Should I be writing on my blog right now? No. I need to be doing statistics but I am just in a bad mood. I had a terrible nightmare last night about zombies and it was horrible. I was so scared, my "real" mom was Jamie Lee Curtis, she sacrificed herself to the zombies, but then once she was dead after trying to draw them away from our house, my mom (Paula, so like switch to more real life feelings) offered to kill me with some kind of injection so I wouldn't be scared any more... And Kalen, in all seriousness was sitting on the couch telling me that he was proud of me for trying to become less sensitive to violence and gore through this experience. It was bizzare! And horrible and a really bad way to start the day.
Then Britain kinked her neck somehow, and has been lounging in bed because we don't know how else to help her. And gosh danngit, I'm just not being a good nurturing mom today.
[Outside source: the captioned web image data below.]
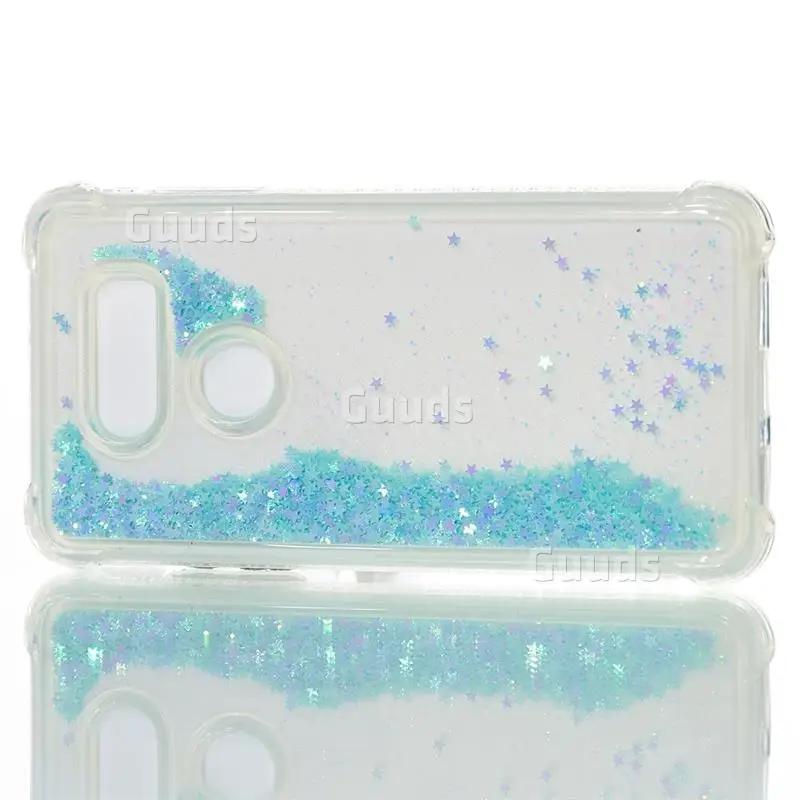 Dynamic Liquid Glitter Sand Quicksand TPU Case for LG V30 - Silver Blue Star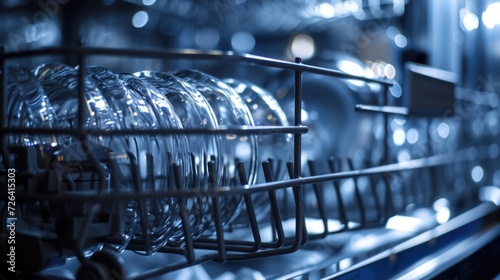 A dishwasher filled with lots of empty dishes. Can be used to showcase the convenience of modern appliances
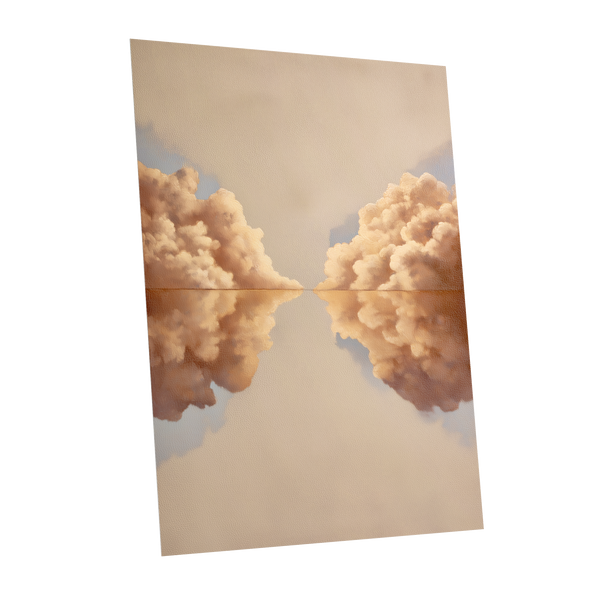 Clouds at the Quiet Divide, beige, gold, brown nature wall art shown as a unframed poster wall art print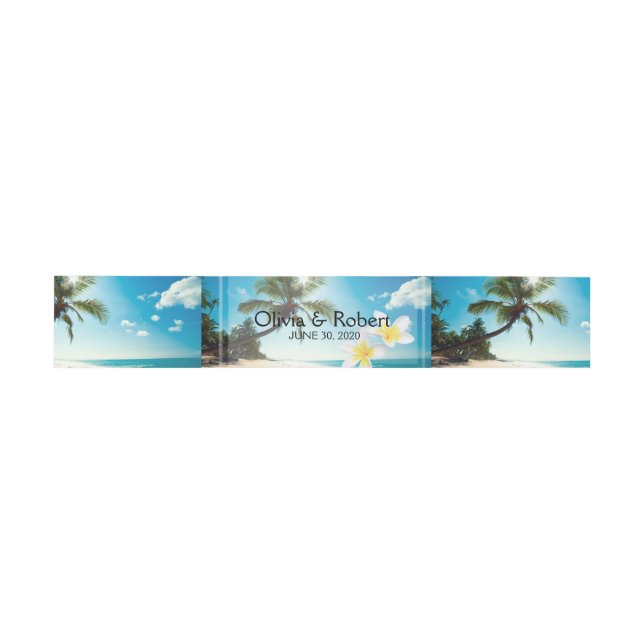 Sunshine Beach Palm Trees Plumeria Wedding Einladungsbanderole (Flach)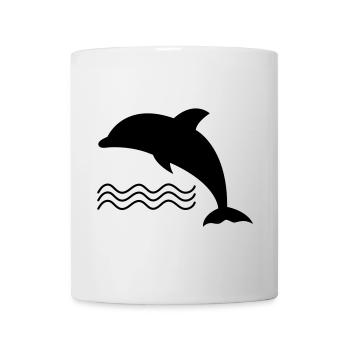 Delfin im Wasser als Vektor - Tasse - Weiß - Vorne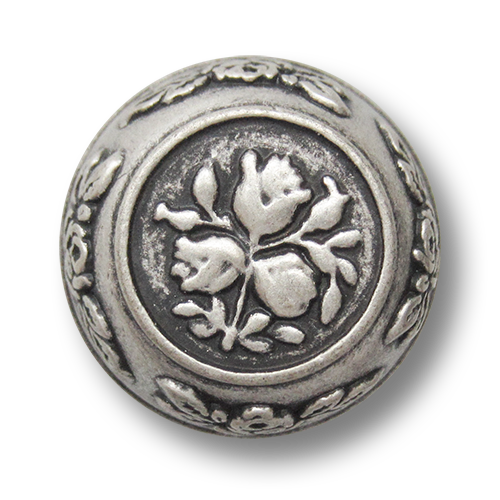 Altsilberfarbene Knöpfe mit Blumenmotiv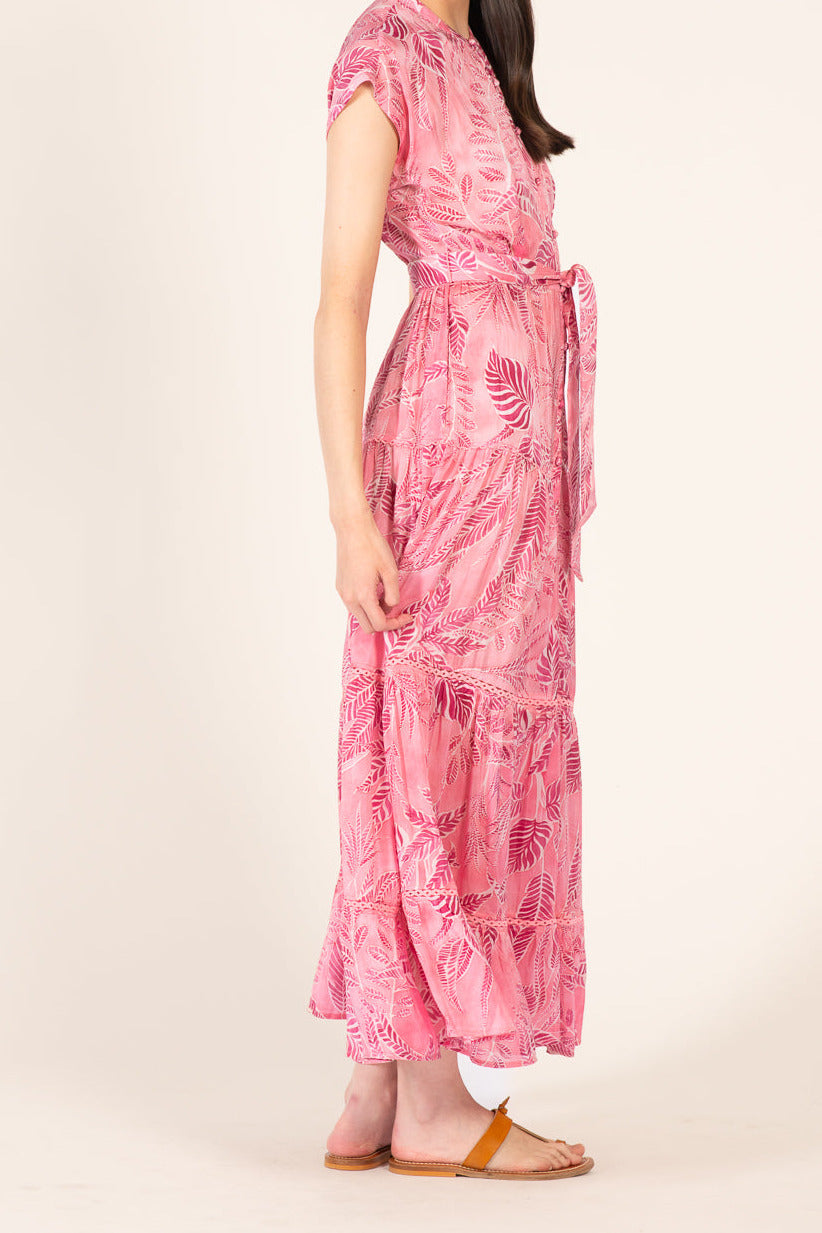 Pink Calathea Long Dress by Poupette St Barth, featuring a flowing viscose fabric and elegant long silhouette.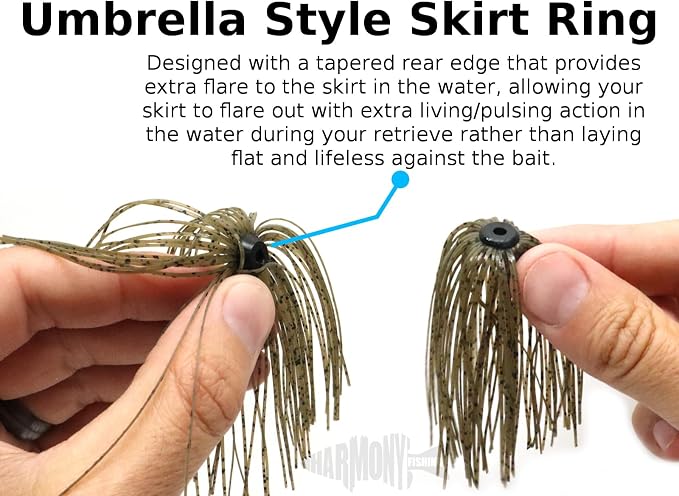 Harmony Fishing – Quick Change Umbrella Skirts for Fishing Jigs, Spinnerbaits, Buzzbaits, Lures, Baits (10 Pack)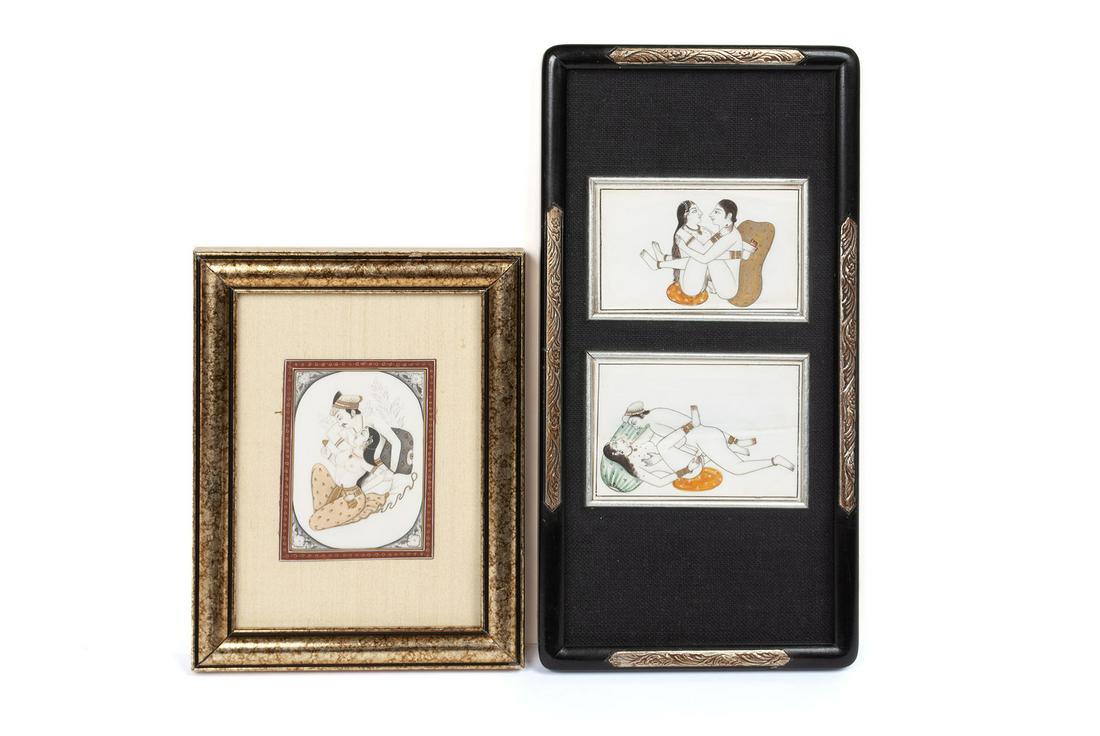 EROTIC MUGHAL PERSIAN PORTRAITURE: EROTIC MUGHAL PERSIAN PORTRAITURE Middle East, late 19th - early 20th century, enamel on organic material. Three plaques with depictions of copulating. Larger frame: 12.5" height, 6.25" width.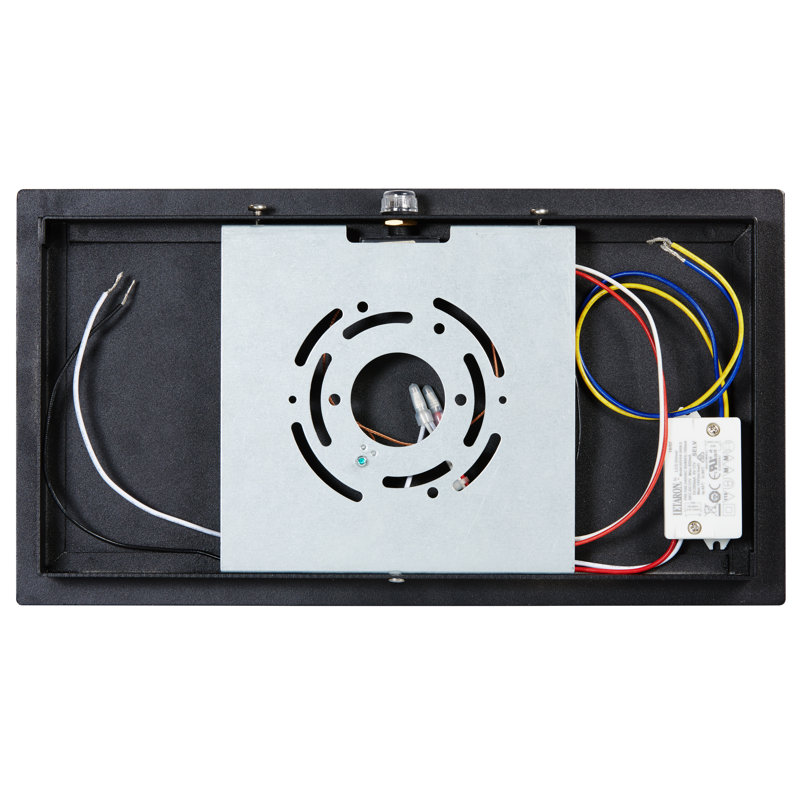 Small Black Steel Floating Address Plaque with LED Backlit Numbers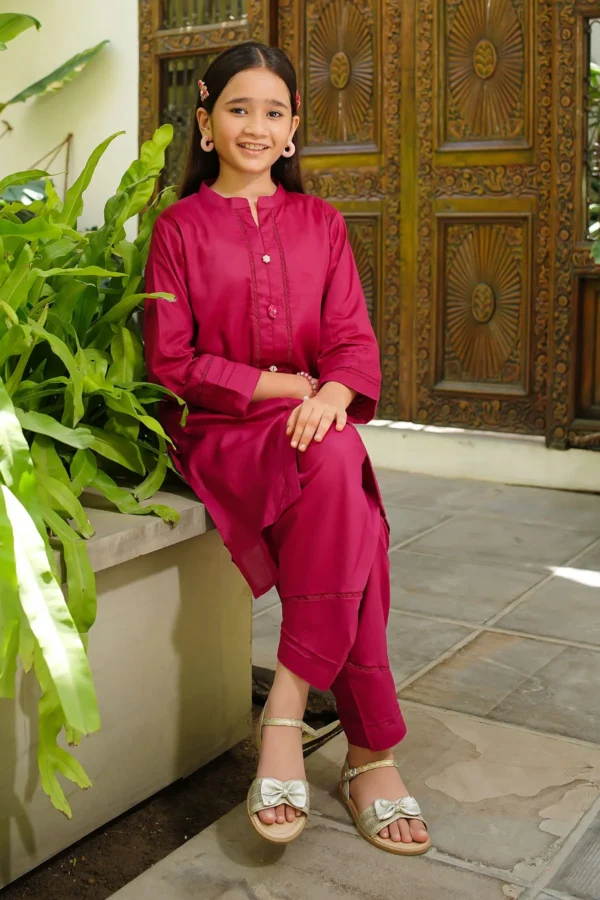 Royal Bloom – Dobby Cotton Embellished 2PC Suit - Image 3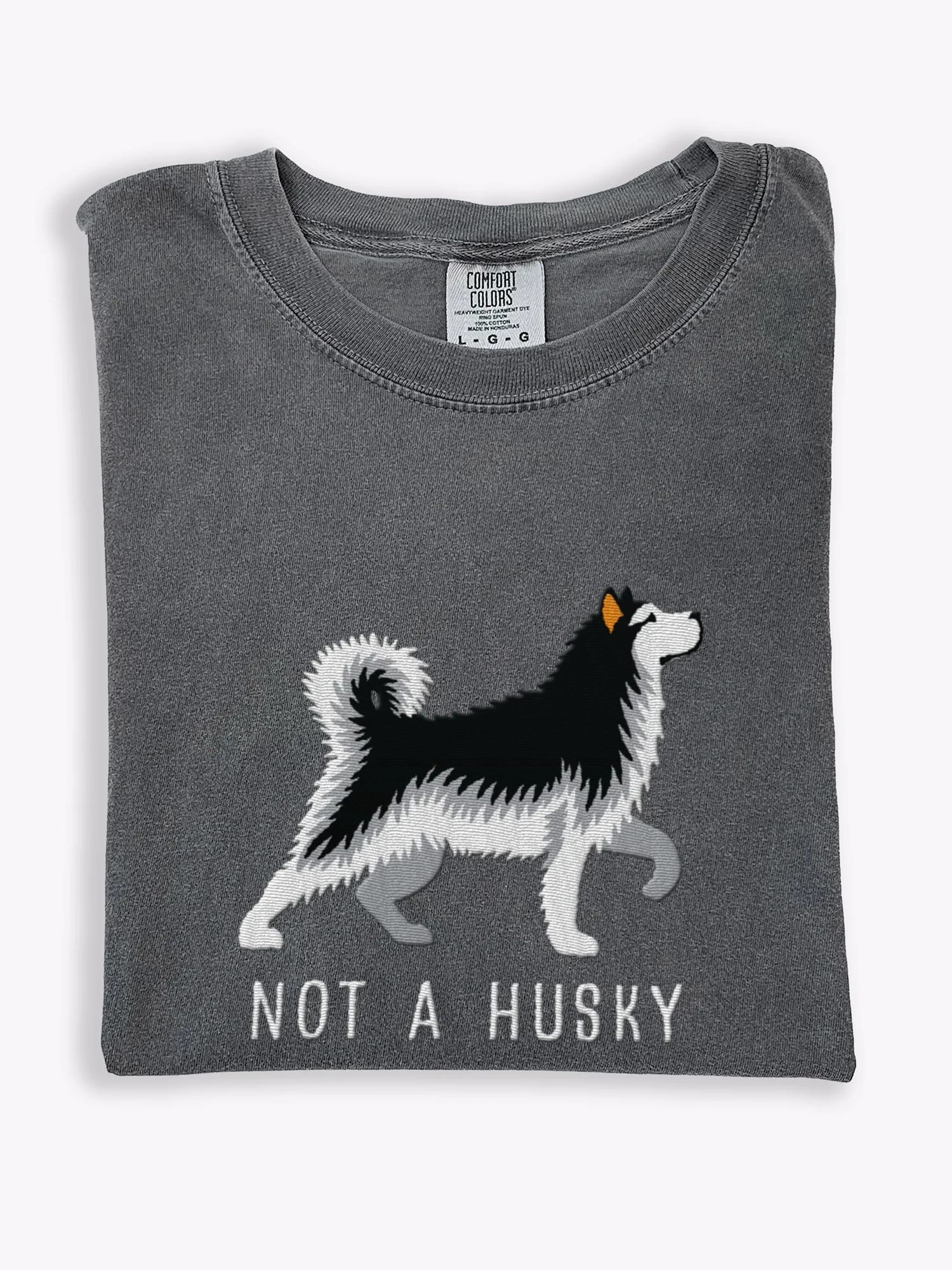 Not a Husky T-Shirt(Embroidered) of an Alaskan Malamute(Black & White) product image (1)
Plus there is a tiny little puppy down the street, the mom is only a 5 pound dog, so you can imagine that the 7 week old puppy is pretty tiny too. I WANT IT. I'm frustrated that I want it because I never want puppies, and brandon told me he doesn't like that kind of puppy, so I'm pouting. Not that we could even afford a puppy or live with a puppy til we buy a house. But still. I don't like being told no.
Anyway, Britain is cranky, and needy, and I am cranky. I will get over it, I just want to day dream about my future house and how it will feel and look and function. Sigh. Until then, I'll do homework I guess.
I love you. You are a good, cranky mama! Also, wanting a cute puppy is part of being a girl ;) Zach told me no to about a billion dogs before we found Jax.